Sangre en los labios
Sangre en los labios. Imagen: Anna Kooris.

En 1989, en algún lugar incierto de Norteamérica, pero sospechosamente parecido a Nuevo México, la introvertida gerente de un gimnasio, Lou (Kristen Stewart), se enamora de Jackie (Katy O’Brian), una adicta a levantar hierros recién llegada a las instalaciones. Ambas son mujeres que acarrean sobre sus espaldas secretos más pesados y dolorosos que las barras olímpicas. Jackie sobrevive como vagabunda, es capaz de vender su cuerpo a cambio de trabajo y viaja a la caza del sueño americano, anhelando alzarse con la victoria en un concurso de culturismo celebrado en Las Vegas. Lou carga con la culpa de un pasado familiar criminal, promovido por los tejemanejes de su padre (Ed Harris), que la ha forzado a apilar esqueletos en las entrañas de las grietas del desierto. Entre chutes de esteroides, chándales de nailon sudados y venas dilatándose al alzar mancuernas, aquellas dos personas inician un idilio que desembocará en una violenta fábula de venganza.

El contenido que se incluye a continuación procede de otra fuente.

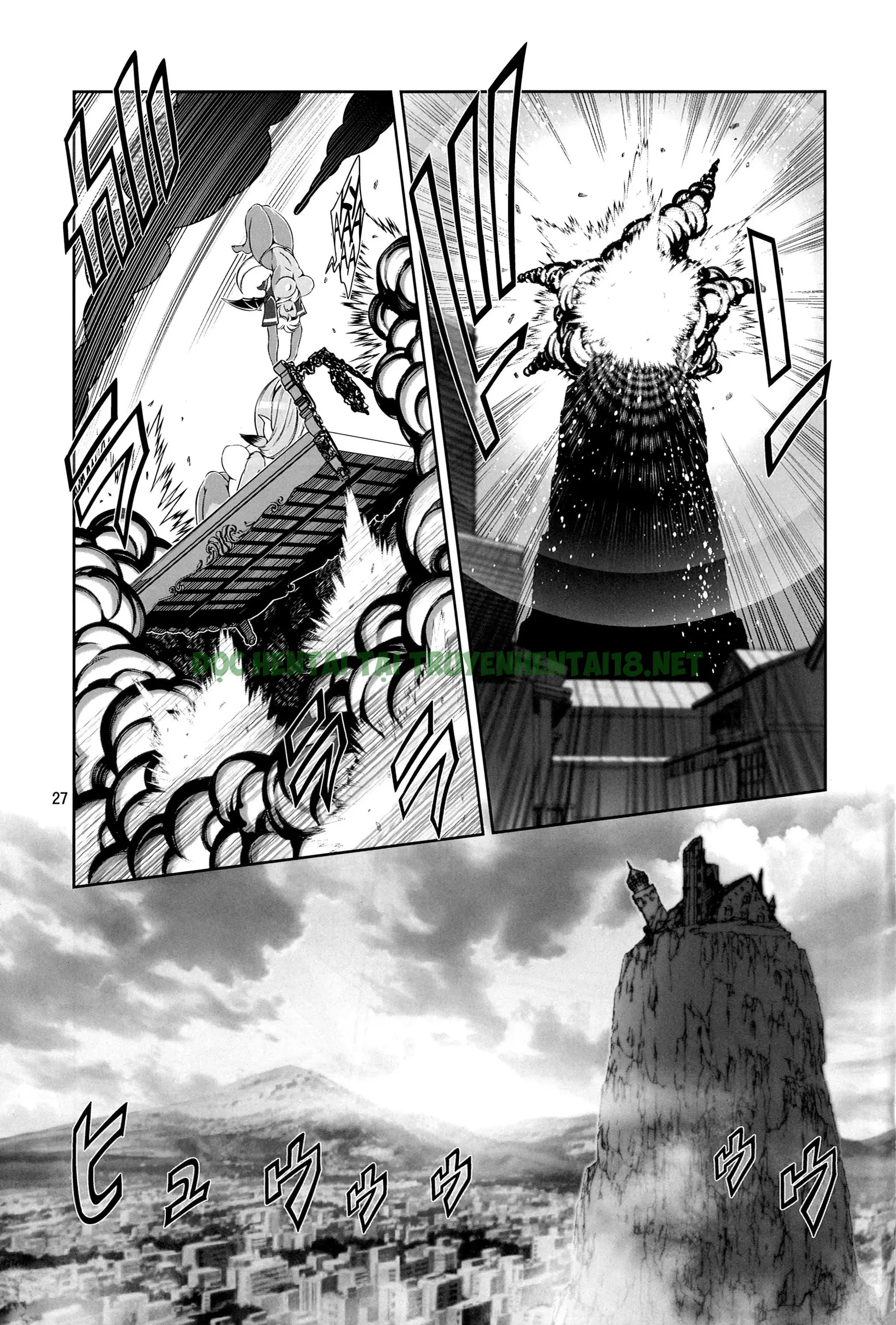 Hình ảnh 29 trong Mahou No Juujin Foxy Rena - Chapter 8 - Hentaimanhwa.net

Sangre en los labios, el segundo largometraje de Rose Glass tras debutar con la aclamada Saint Maud (2019), es un relato sobre el cuerpo. Sobre la transformación de unos cuerpos que son llevados al límite entre las pesas del gimnasio, engrasados con aceite en sórdidas competiciones que les rinden culto, modificados a golpe de esteroides o capaces de mutar hasta adquirir dimensiones hulkianas por culpa de las mariposas que revolotean en sus estómagos. Pero también es una película sobre cuerpos dañados y sobre cuerpos que se amontonan destrozados y aquello que contienen: las vísceras, la sangre, el sudor y el vómito. E incluso es una cinta que modifica su propia fisonomía sobre la marcha: arranca con un romance queer, detona el thriller criminal, camina por terrenos oníricos, juega a subvertir clichés, estalla en impulsos de venganza, recurre al CGI para remover sus músculos, invita al humor negro a la fiesta y tantea el realismo mágico. Y además supone una nueva entrada en una categoría que por aquí nos encanta: el neon-noir

Sangre en los labios
Sangre en los labios. Imagen: Anna Kooris.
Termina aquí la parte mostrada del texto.